▶ WORK ITEM
The data that follows must be transcribed in full and exactly, minus the pictures.

__________

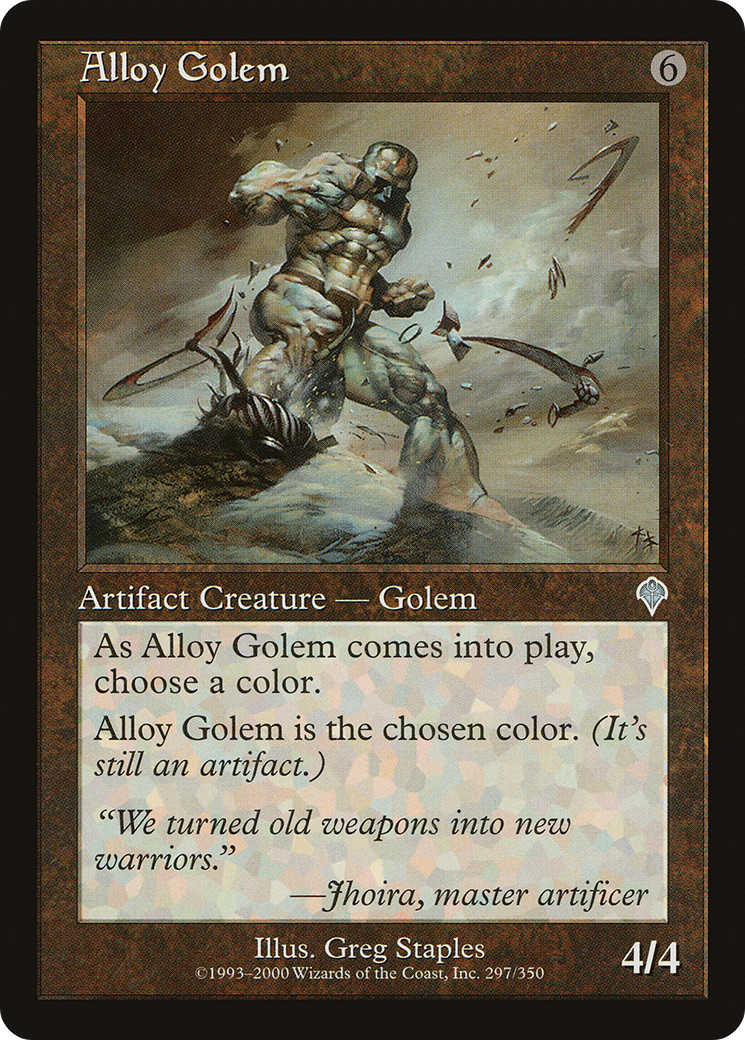 Alloy Golem (297) Foil - Invasion
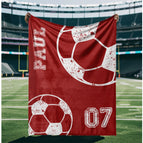 Minky 30x40 (S) inches / Soccer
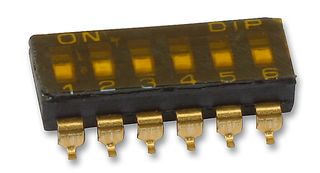 DIL開(kāi)關(guān) SWITCH DIL SMD 6WAY 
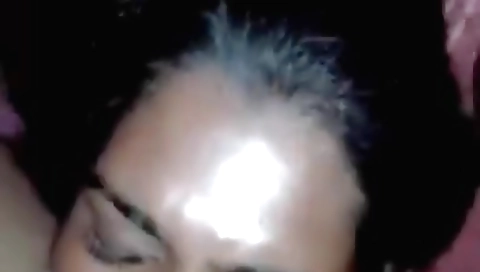 Indian girl with natural tits and beautiful face gets a facial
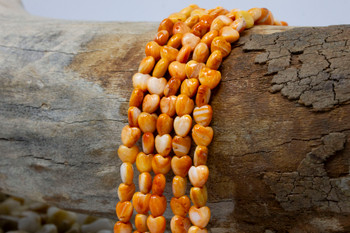 Spiny Oyster Polished 6mm Orange Heart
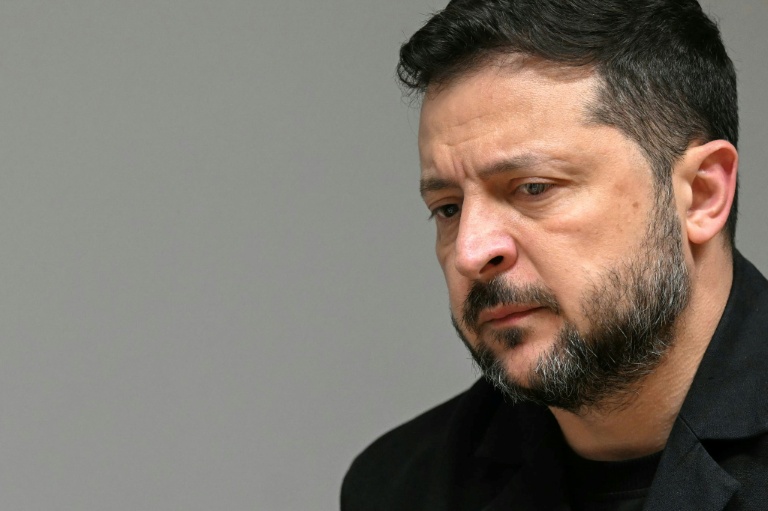 Le président ukrainien Volodymyr Zelensky à Bruxelles, le 15 octobre 2026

__________

▶ RESULT BELOW
 Alloy Golem (297) Foil - Invasion
 Minky 30x40 (S) inches / Soccer
 DIL開(kāi)關(guān) SWITCH DIL SMD 6WAY 
 Indian girl with natural tits and beautiful face gets a facial
 Spiny Oyster Polished 6mm Orange Heart
 Le président ukrainien Volodymyr Zelensky à Bruxelles, le 15 octobre 2026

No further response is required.